• **WORK REQUIRED**
Once you have found the line with "Primary en suite" in the records below, retype it and every line after it to the end exactly, with no pictures and nothing more.
***
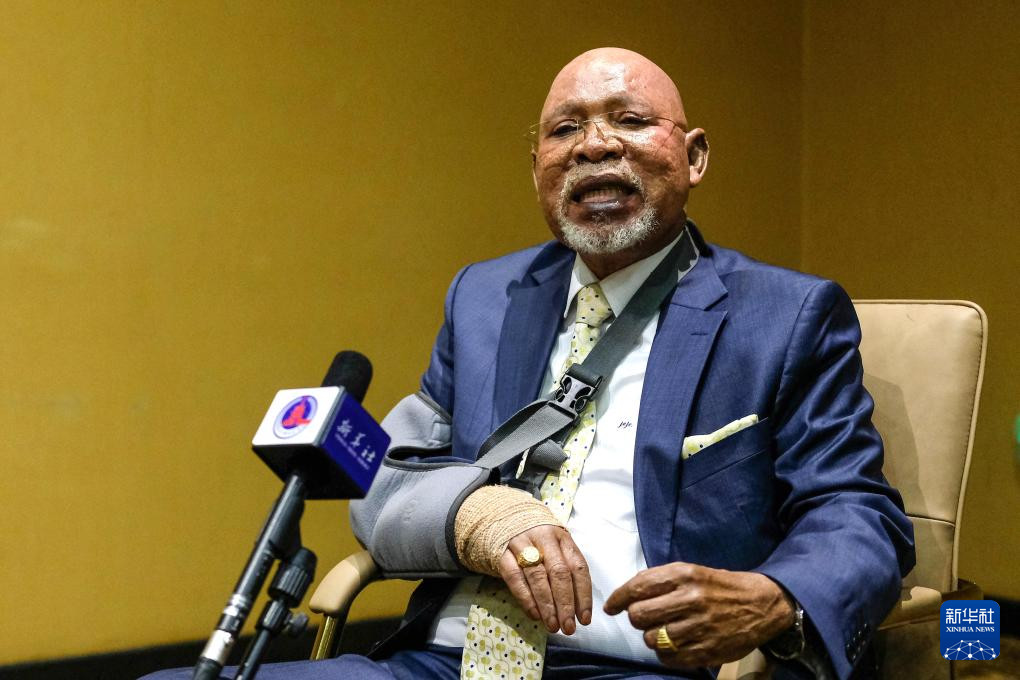 1月15日，烏干達(dá)外長(zhǎng)奧東戈在坎帕拉舉行的不結(jié)盟運(yùn)動(dòng)第19次峰會(huì)高級(jí)別官員會(huì)議期間接受新華社記者專訪。新華社發(fā)（阿佳拉·納瓦達(dá)攝）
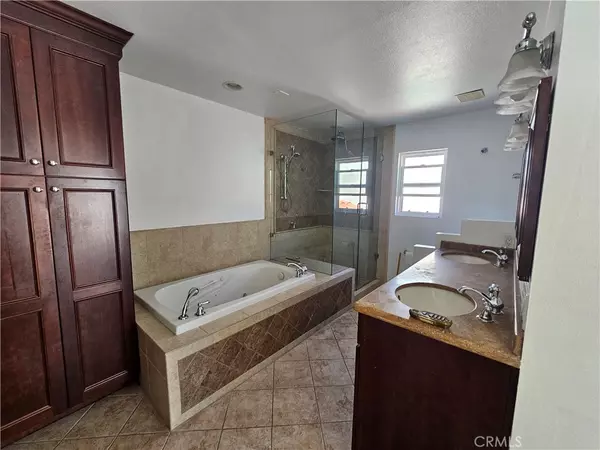 Huntington Beach, CA 92648,1910 California ST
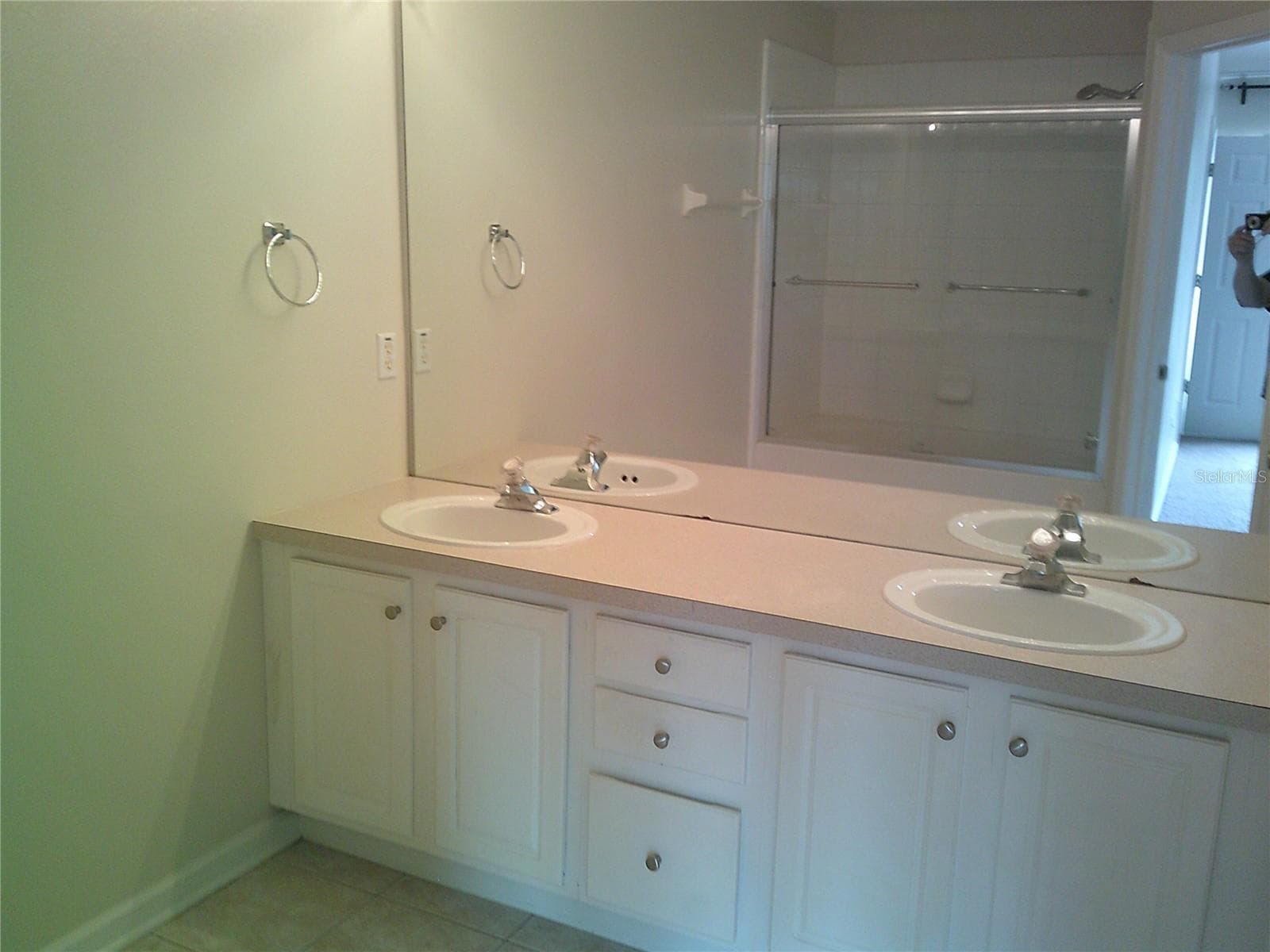 Primary en suite bathroom - 6292 TWAIN ST #107, ORLANDO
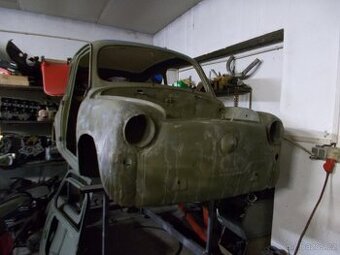Fiat 600 protivítr v započaté renovaci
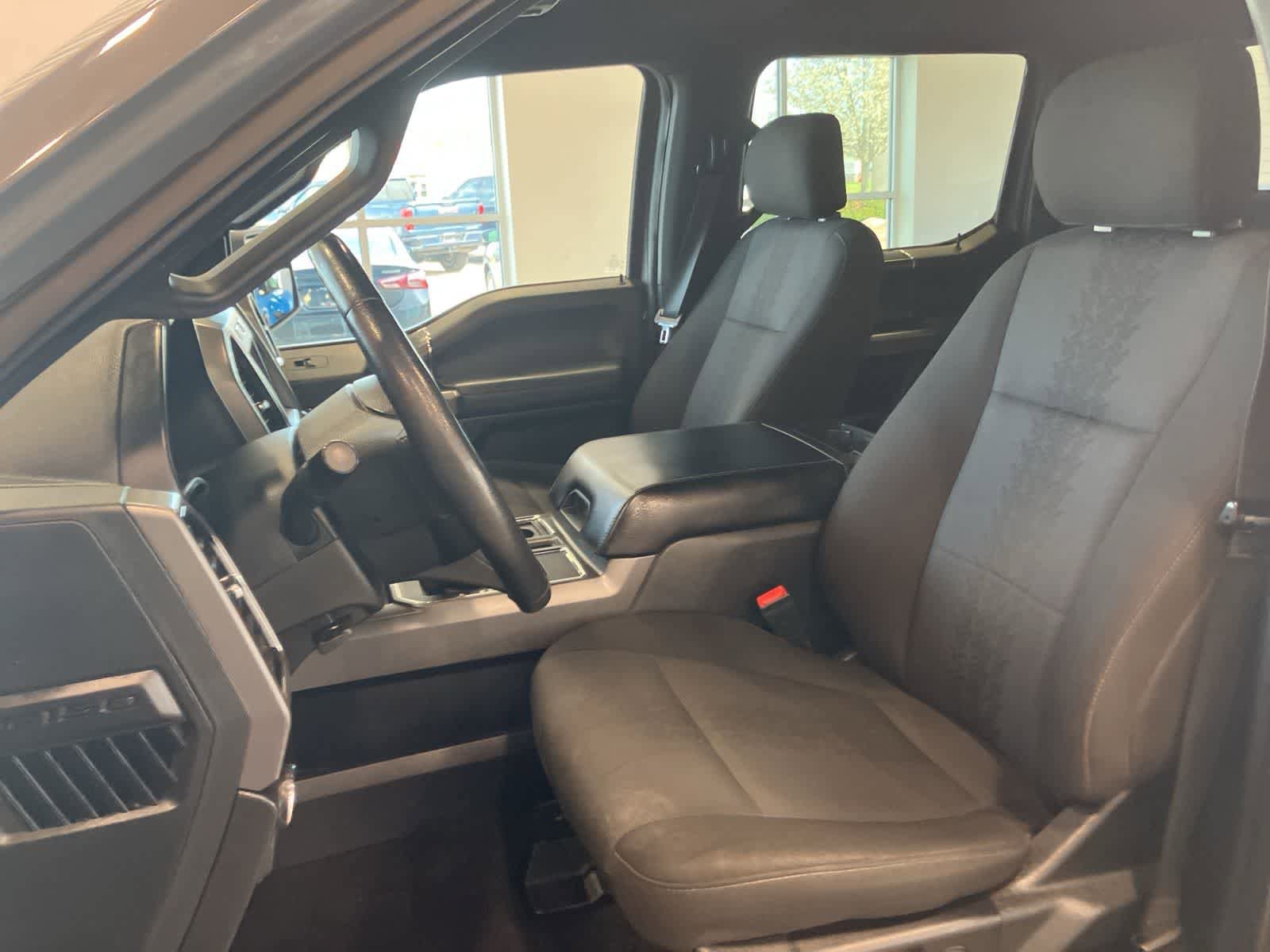 Used 2019 Ford F150 XLT w/ Equipment Group 302A Luxury AWD/4WD image 11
***
• **EXPECTED OUTPUT**
 Primary en suite bathroom - 6292 TWAIN ST #107, ORLANDO
Fiat 600 protivítr v započaté renovaci
 Used 2019 Ford F150 XLT w/ Equipment Group 302A Luxury AWD/4WD image 11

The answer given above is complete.